The sports stream focused more on overall industry trends, with the goal of solidifying HBS as the place for top industry executives to get exposure to cutting-edge ideas and research. “Our hope is that it would be a ‘meeting of the minds’ of sorts… that people would actually be learning,” said Crouch. He also stressed the importance of vulnerability by speakers and guests for this to happen. “There were no phones, cameras, or video allowed…we wanted to make the environment as intimate as possible.” In one session, three co-owners of top sports franchises (Boston Celtics, Milwaukee Bucks, and the New York Islanders) shared sensitive details on highs and lows of sports team ownership. One highlight was a private lunch for sports-industry speakers hosted by ESPN analyst Kirk Goldsberry, who shared some new ideas he was working on. While the specifics of the content were not shared with the Harbus, Crouch assured us that one team owner walked away saying their team needed this new capability in their front office. It was clear from the conversation that this new leg of the conference not only delivered on its mission, but established itself as an ‘instant classic’.
While the educational component of the conference clearly delivered in the eyes of attendees, perhaps the larger impact that the conference had was solidifying in students minds that entertainment, media, and sports are viable career paths to pursue post-MBA – even if they require a little more self-direction and risk than traditional industries. “People don’t typically think of HBS as an entertainment school, but we’re near the top in terms of recruiting outcomes,” said Luo. “As such a network-driven industry, our conference – and its timing so close to the end of the school year – are critical in helping to keep recruiting pipelines open. It would be great if this became a foundational industry at HBS.” Crouch had similar sentiments in the sports industry. “Many of the largest, most important franchises and teams are littered with HBS alumni. The MESC is a perfect opportunity for them to re-engage with the community, and source some of the best talent. Our goal is to be the number-one conference to do this.”
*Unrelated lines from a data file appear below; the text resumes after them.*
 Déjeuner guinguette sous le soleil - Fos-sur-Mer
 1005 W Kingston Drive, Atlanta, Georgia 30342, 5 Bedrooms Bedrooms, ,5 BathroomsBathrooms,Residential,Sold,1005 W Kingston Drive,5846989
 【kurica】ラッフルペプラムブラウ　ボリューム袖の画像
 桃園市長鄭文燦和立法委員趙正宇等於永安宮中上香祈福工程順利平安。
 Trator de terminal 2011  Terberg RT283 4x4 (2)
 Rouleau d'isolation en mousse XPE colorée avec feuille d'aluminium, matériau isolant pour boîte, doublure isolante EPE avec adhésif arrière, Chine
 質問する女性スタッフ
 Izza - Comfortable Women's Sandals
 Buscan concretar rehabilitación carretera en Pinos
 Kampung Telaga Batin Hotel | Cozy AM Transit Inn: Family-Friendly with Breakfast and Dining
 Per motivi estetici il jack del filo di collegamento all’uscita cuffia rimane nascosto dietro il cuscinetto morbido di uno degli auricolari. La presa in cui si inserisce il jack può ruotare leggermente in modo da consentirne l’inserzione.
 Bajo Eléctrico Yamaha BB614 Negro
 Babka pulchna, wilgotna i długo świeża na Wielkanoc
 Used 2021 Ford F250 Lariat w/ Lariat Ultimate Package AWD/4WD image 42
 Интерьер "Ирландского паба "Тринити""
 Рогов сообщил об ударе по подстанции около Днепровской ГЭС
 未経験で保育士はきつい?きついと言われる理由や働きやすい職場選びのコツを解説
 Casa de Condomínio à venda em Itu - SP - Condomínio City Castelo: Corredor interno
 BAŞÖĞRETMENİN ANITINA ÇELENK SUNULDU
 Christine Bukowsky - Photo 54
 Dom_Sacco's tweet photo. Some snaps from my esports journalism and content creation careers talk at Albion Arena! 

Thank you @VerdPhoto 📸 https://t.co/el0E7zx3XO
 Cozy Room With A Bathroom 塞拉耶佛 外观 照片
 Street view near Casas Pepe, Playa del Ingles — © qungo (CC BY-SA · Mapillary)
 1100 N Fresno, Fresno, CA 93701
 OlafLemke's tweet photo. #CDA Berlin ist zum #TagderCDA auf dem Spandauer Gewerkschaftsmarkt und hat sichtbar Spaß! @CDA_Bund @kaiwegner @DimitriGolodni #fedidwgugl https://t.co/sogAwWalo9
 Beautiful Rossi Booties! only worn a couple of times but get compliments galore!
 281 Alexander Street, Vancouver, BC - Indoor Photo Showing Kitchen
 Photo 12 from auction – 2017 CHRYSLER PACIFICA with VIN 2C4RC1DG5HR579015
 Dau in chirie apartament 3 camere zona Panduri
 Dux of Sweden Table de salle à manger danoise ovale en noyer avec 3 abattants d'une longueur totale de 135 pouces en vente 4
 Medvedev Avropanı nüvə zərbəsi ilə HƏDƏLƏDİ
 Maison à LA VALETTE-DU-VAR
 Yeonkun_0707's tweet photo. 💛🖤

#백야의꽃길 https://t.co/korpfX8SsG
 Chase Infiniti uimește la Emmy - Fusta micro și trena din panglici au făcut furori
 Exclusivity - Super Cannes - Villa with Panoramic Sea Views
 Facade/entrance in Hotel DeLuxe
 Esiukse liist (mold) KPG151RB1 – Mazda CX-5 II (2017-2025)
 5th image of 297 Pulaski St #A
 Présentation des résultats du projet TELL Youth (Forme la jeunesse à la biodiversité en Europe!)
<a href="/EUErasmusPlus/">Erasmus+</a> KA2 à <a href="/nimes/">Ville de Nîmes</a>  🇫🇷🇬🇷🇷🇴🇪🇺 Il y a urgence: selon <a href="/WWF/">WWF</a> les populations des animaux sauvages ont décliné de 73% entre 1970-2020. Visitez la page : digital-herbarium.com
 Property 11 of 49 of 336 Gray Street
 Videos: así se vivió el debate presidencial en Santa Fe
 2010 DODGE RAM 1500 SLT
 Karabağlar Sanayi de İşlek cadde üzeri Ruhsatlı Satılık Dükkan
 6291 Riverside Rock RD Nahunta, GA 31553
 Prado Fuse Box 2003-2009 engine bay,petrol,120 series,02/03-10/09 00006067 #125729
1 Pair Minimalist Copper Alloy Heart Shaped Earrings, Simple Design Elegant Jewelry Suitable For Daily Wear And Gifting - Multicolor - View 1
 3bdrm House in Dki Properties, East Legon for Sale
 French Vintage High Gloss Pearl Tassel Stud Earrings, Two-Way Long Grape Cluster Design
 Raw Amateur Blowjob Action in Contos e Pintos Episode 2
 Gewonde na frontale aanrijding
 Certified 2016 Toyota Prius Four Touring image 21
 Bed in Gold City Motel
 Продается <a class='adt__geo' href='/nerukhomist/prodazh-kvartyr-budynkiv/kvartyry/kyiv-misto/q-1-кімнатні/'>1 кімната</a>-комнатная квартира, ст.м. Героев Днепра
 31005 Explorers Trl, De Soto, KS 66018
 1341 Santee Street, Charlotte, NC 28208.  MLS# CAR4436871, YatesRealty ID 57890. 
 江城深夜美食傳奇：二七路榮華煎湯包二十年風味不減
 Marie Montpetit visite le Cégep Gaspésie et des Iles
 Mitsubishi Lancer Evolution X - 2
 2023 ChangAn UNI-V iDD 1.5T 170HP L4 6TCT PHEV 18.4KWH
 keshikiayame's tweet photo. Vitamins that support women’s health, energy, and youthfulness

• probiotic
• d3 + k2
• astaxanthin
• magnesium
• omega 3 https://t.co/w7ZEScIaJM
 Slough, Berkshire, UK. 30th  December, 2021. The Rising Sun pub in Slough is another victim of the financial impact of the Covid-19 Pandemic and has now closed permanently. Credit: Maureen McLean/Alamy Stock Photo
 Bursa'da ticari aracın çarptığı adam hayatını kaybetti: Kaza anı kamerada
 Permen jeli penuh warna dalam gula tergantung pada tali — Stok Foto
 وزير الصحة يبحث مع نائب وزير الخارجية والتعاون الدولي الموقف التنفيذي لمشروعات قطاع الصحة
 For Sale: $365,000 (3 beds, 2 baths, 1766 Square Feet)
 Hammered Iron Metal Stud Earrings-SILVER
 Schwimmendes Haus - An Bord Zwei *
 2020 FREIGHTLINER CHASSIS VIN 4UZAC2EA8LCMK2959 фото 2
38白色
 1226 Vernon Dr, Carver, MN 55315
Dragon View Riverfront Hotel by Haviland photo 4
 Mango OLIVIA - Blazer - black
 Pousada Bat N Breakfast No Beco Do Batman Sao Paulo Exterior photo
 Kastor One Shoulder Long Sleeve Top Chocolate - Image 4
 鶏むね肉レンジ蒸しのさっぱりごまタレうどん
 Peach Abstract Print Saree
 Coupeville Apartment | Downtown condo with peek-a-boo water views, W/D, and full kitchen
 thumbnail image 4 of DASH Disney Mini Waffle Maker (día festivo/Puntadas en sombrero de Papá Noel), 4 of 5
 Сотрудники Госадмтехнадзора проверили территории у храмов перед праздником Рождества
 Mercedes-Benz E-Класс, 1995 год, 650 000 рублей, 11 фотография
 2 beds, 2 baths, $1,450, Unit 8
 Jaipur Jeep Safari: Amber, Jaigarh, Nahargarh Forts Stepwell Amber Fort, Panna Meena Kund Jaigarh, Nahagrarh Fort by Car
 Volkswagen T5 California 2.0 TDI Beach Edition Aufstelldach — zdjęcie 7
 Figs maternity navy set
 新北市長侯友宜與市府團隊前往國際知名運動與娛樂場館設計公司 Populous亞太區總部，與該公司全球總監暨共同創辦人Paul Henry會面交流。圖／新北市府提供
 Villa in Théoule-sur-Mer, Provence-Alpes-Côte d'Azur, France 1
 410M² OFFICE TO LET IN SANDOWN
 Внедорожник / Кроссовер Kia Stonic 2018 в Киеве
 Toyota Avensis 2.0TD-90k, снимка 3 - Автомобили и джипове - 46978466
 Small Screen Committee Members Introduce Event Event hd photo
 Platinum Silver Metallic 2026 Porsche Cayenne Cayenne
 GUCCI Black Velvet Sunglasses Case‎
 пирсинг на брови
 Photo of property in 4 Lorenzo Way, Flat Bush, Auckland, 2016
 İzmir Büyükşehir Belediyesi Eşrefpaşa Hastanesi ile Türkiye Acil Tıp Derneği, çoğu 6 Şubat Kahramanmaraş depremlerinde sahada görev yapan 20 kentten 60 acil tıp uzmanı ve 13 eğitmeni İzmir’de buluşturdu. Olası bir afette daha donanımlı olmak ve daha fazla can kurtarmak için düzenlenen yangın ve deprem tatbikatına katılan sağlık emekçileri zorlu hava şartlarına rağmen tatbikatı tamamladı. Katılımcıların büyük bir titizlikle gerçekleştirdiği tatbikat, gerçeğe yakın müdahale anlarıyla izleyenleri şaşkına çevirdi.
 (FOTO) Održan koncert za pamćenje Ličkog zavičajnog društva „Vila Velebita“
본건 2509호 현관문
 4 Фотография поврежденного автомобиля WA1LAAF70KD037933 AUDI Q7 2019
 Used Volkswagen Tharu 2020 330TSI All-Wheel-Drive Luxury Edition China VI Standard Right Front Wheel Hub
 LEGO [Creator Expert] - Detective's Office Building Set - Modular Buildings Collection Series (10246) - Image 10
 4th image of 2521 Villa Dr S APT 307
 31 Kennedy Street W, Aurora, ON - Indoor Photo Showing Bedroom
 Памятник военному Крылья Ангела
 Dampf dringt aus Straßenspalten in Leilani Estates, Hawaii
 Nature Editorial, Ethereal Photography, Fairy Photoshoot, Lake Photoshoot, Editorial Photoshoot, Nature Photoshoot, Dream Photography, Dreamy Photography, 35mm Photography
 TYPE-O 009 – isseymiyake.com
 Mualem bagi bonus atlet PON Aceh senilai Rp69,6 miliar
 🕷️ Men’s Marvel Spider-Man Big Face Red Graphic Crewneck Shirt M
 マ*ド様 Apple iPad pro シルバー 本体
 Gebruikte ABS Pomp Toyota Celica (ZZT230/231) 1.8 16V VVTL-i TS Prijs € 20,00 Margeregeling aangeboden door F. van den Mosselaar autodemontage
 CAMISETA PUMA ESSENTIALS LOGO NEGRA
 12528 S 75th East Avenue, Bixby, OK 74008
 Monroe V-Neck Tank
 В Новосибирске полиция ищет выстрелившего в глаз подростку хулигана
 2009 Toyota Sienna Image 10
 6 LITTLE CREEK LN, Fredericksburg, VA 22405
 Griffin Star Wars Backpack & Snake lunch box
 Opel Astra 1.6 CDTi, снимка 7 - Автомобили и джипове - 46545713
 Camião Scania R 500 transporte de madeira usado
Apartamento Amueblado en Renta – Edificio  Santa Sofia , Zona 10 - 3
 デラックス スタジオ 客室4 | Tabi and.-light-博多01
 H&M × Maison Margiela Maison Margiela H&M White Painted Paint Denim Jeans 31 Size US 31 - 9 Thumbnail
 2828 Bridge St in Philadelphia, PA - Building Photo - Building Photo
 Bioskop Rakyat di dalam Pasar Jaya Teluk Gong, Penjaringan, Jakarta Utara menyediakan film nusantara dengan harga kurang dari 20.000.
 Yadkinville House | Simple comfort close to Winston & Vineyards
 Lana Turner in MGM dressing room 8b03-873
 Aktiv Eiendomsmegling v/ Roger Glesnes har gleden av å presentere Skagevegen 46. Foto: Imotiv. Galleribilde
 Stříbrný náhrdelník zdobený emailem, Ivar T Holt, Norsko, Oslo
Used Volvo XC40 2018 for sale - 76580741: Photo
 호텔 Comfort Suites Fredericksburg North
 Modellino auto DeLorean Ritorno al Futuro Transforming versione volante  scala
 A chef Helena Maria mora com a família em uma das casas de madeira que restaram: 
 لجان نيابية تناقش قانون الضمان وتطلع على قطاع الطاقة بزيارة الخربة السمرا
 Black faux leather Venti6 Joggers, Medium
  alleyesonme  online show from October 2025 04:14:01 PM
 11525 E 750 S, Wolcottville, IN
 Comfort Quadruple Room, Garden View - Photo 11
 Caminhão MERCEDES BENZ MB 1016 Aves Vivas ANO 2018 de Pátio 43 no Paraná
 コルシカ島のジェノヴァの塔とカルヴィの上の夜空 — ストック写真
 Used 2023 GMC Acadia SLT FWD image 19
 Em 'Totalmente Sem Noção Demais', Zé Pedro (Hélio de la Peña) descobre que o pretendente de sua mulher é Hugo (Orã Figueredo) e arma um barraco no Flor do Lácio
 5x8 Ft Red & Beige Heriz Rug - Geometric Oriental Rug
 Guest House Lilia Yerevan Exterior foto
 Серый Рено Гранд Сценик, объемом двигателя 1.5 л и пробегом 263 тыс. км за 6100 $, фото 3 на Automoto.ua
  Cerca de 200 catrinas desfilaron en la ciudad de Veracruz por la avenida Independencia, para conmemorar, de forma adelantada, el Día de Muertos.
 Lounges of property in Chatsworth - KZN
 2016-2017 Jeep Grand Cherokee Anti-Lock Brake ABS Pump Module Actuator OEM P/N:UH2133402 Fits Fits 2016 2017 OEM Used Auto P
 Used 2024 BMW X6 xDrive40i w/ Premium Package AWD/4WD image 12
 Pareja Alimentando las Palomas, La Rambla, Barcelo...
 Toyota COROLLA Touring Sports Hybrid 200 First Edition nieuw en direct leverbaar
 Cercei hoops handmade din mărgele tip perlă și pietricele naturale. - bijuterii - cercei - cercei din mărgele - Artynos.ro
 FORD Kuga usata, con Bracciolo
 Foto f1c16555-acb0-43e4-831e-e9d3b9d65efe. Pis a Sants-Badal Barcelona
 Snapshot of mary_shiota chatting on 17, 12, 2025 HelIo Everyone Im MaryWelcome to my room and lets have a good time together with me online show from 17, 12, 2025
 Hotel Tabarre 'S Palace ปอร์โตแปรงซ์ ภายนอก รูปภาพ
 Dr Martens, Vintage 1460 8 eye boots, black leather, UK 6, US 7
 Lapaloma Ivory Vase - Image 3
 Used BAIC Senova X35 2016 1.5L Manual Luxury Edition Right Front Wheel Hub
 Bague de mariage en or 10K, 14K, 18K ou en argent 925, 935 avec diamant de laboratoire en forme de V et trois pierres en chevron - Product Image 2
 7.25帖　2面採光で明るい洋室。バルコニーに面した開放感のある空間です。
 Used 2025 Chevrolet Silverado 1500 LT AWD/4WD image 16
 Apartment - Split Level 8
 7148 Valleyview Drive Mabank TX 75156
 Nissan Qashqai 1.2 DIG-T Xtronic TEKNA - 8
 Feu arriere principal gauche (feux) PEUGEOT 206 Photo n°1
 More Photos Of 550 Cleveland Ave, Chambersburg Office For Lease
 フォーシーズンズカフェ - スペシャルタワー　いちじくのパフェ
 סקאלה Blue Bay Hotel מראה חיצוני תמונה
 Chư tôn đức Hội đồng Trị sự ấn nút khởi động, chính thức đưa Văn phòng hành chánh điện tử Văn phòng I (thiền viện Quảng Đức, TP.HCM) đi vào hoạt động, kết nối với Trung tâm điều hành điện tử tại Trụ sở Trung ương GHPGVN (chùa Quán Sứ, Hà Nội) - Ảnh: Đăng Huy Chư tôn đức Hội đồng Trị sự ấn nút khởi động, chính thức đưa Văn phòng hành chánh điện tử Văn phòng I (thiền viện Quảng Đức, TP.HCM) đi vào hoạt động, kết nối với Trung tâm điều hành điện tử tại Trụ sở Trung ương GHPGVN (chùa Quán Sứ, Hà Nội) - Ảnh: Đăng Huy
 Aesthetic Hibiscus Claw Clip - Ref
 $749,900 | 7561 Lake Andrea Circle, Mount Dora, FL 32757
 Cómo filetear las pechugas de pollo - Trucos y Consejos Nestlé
“The key takeaway from successful production executives like Schuyler Weiss and Tara Razavi,” says Moira Fennell (MBA ’24), a conference attendee, “is that to make it in an industry you’re passionate about, you have to maintain that entrepreneurial spirit.” While a structured recruiting path may be years away, the energy behind pursuing careers among the HBS MBA student body in entertainment is only getting stronger. Year-on-year, the number of attendees at the MESC increased by over 50%.
Shayne Gelbard (MBA ‘24) was born and raised in Toronto, Canada. Prior to HBS, he founded a venture-backed software startup and worked in brand management at a global healthcare CPG company.